A mine owned by an assessee was taken up by a third party for the purpose of mining. Since the mine was allotted by the government to the assesse, he cannot transfer his rights to a third party as per the agreement with the Government. Hence he joined the third party as a Director and against his rights to the mine, he was paid Rs 75 Lakhs as Goodwill ,which he invested in bonds.
The ITO has not recognised this transaction and they claim that RS 75 lakhs is the salary paid by the third party to the assesse since he is now a director of the Organisation and the amount is taxable.
In my view this transaction is covered u/s 54EA and is not taxable.
Please share your opinions and site case laws,if any.
18 August 2011
The agreement to sale the right is not legally enforceable and as such it has become void. As such there is not a proper transfer of the capital asset. It can't thus be said legally that capital gains have arisen. . The intention of the transferer remained to defy the law.

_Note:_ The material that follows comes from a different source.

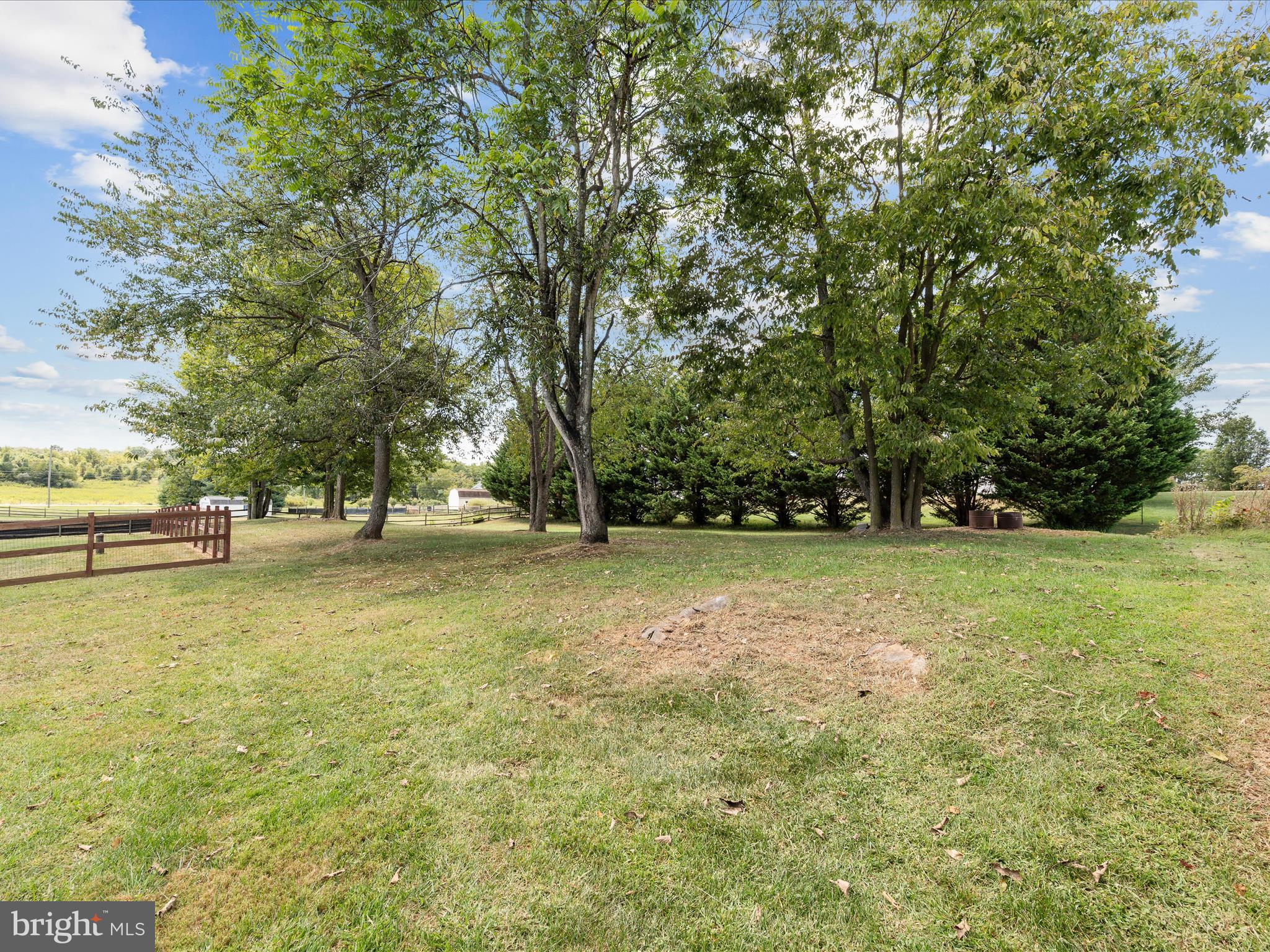 CROWN POINTE NORTH - Residential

In my view, a bad will can not be named as goodwill. . Deduction U/s 54EA can not be claimed after AY 1999-2000. .
The ITO is helping the assessee by just treating the income as salary income.
He could do more in this case by informing the mining department. .
22 August 2011
Since the mine was allotted by the government to the assesse, he cannot transfer his rights to a third party as per the agreement with the Government
Here the work is carried out in a different and objectionable manner. The lease agreement can be cancelled by the Mining Department due to the breach of stipulated conditions.